* [WHAT YOU ARE ASKED TO DO]:
Each line from the opening of the listing below through the line that contains "Manteau d'hiver élégant" is to be output exactly as written.

* [EXERCISE DATA]:
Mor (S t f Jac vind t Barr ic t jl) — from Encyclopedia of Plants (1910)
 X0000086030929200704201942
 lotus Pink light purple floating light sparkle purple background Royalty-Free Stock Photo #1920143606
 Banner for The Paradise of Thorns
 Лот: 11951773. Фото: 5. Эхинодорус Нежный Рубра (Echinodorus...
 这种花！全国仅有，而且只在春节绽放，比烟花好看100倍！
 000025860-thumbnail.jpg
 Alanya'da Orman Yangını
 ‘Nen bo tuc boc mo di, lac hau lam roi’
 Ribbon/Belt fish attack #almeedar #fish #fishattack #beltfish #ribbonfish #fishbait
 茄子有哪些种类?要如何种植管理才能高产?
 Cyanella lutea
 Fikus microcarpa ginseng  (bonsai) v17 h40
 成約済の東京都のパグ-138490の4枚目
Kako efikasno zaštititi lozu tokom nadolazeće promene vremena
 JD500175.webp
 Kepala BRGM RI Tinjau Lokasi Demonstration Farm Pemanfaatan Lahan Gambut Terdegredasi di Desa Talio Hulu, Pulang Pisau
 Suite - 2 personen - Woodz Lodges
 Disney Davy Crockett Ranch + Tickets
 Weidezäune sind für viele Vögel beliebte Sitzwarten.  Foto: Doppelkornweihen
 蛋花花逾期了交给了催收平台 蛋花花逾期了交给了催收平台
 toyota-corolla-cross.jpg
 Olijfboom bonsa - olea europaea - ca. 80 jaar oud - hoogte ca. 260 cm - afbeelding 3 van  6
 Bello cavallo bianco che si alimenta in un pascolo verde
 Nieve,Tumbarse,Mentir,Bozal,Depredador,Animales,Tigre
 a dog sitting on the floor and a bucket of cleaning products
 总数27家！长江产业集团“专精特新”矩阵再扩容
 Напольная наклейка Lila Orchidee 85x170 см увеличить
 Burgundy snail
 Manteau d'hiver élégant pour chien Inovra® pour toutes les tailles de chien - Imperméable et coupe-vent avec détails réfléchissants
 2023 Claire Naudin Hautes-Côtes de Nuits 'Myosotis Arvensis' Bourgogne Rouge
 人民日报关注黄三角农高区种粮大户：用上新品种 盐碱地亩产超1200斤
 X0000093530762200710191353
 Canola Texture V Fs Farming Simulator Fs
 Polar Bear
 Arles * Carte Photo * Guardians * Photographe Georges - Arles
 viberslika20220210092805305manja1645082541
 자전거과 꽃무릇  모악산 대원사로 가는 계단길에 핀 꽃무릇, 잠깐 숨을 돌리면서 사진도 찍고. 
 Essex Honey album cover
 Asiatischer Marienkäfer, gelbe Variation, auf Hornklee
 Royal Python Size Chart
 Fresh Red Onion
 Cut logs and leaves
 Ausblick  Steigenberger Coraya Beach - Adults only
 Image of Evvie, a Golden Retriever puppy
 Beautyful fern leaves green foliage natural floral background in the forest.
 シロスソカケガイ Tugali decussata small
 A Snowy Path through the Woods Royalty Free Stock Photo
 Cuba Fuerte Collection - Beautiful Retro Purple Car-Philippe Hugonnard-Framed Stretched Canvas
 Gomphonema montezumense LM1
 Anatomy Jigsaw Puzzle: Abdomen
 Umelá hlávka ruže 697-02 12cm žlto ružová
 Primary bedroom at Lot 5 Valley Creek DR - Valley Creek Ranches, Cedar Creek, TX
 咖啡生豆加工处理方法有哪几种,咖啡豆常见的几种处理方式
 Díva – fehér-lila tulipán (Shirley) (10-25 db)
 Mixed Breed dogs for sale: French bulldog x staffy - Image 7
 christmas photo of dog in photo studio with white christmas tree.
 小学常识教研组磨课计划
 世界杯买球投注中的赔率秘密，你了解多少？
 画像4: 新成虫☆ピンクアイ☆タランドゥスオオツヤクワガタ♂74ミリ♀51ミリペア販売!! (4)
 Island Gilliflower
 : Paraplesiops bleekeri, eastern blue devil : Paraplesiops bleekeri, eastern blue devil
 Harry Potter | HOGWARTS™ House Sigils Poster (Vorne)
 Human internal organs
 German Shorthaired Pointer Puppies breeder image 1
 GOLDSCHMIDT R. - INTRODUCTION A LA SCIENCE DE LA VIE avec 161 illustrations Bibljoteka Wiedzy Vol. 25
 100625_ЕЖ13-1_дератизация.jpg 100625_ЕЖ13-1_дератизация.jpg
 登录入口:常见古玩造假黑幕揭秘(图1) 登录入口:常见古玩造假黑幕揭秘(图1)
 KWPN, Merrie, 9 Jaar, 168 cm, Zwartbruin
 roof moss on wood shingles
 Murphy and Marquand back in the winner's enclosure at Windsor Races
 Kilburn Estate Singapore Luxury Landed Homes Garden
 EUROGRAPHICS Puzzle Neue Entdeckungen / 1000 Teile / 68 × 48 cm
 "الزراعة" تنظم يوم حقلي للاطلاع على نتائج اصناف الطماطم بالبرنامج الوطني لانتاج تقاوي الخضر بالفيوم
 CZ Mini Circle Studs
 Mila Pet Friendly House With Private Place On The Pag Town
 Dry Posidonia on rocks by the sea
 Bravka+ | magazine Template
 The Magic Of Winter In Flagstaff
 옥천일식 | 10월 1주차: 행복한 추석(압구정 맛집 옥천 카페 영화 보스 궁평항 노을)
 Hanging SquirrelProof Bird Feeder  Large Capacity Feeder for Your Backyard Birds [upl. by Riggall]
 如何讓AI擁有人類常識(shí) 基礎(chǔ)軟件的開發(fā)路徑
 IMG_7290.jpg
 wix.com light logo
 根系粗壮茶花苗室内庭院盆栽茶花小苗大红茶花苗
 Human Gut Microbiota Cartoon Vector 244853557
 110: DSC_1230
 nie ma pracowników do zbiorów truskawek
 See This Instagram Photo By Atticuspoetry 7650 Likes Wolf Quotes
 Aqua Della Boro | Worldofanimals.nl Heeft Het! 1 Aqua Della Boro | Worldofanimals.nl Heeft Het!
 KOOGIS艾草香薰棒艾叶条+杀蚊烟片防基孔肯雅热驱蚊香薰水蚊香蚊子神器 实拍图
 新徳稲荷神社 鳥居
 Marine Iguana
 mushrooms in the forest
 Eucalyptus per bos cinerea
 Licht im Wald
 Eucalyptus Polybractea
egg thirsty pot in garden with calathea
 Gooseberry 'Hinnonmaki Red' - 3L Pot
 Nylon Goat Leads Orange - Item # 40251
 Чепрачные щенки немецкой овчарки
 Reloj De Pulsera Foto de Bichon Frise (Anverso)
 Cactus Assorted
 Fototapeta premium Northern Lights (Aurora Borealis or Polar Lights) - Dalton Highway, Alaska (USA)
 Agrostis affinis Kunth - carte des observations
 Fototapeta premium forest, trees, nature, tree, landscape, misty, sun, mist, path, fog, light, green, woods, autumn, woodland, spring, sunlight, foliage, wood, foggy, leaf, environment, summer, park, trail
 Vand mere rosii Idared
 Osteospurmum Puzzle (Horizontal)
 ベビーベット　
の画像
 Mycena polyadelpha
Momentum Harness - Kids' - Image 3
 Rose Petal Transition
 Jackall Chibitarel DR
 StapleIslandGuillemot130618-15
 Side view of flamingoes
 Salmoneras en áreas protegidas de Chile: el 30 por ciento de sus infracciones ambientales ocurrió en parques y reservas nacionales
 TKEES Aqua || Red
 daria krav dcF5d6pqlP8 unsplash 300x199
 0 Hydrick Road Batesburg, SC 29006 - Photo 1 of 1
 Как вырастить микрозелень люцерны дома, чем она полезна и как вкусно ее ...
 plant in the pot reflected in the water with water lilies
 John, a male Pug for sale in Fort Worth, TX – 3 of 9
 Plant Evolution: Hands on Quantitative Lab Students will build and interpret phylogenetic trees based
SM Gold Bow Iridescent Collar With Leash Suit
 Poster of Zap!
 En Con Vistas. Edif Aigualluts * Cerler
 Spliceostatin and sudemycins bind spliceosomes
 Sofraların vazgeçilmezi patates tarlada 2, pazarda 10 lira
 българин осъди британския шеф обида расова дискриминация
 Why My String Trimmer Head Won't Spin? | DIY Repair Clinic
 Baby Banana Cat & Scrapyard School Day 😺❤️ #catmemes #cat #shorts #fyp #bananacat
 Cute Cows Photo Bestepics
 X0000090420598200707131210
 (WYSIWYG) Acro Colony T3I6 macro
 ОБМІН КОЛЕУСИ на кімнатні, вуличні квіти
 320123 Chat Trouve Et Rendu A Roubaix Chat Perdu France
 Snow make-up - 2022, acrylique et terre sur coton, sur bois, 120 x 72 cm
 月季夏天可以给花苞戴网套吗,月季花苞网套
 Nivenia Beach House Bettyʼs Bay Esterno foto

* [TASK OUTPUT]:
Mor (S t f Jac vind t Barr ic t jl) — from Encyclopedia of Plants (1910)
 X0000086030929200704201942
 lotus Pink light purple floating light sparkle purple background Royalty-Free Stock Photo #1920143606
 Banner for The Paradise of Thorns
 Лот: 11951773. Фото: 5. Эхинодорус Нежный Рубра (Echinodorus...
 这种花！全国仅有，而且只在春节绽放，比烟花好看100倍！
 000025860-thumbnail.jpg
 Alanya'da Orman Yangını
 ‘Nen bo tuc boc mo di, lac hau lam roi’
 Ribbon/Belt fish attack #almeedar #fish #fishattack #beltfish #ribbonfish #fishbait
 茄子有哪些种类?要如何种植管理才能高产?
 Cyanella lutea
 Fikus microcarpa ginseng  (bonsai) v17 h40
 成約済の東京都のパグ-138490の4枚目
Kako efikasno zaštititi lozu tokom nadolazeće promene vremena
 JD500175.webp
 Kepala BRGM RI Tinjau Lokasi Demonstration Farm Pemanfaatan Lahan Gambut Terdegredasi di Desa Talio Hulu, Pulang Pisau
 Suite - 2 personen - Woodz Lodges
 Disney Davy Crockett Ranch + Tickets
 Weidezäune sind für viele Vögel beliebte Sitzwarten.  Foto: Doppelkornweihen
 蛋花花逾期了交给了催收平台 蛋花花逾期了交给了催收平台
 toyota-corolla-cross.jpg
 Olijfboom bonsa - olea europaea - ca. 80 jaar oud - hoogte ca. 260 cm - afbeelding 3 van  6
 Bello cavallo bianco che si alimenta in un pascolo verde
 Nieve,Tumbarse,Mentir,Bozal,Depredador,Animales,Tigre
 a dog sitting on the floor and a bucket of cleaning products
 总数27家！长江产业集团“专精特新”矩阵再扩容
 Напольная наклейка Lila Orchidee 85x170 см увеличить
 Burgundy snail
 Manteau d'hiver élégant pour chien Inovra® pour toutes les tailles de chien - Imperméable et coupe-vent avec détails réfléchissants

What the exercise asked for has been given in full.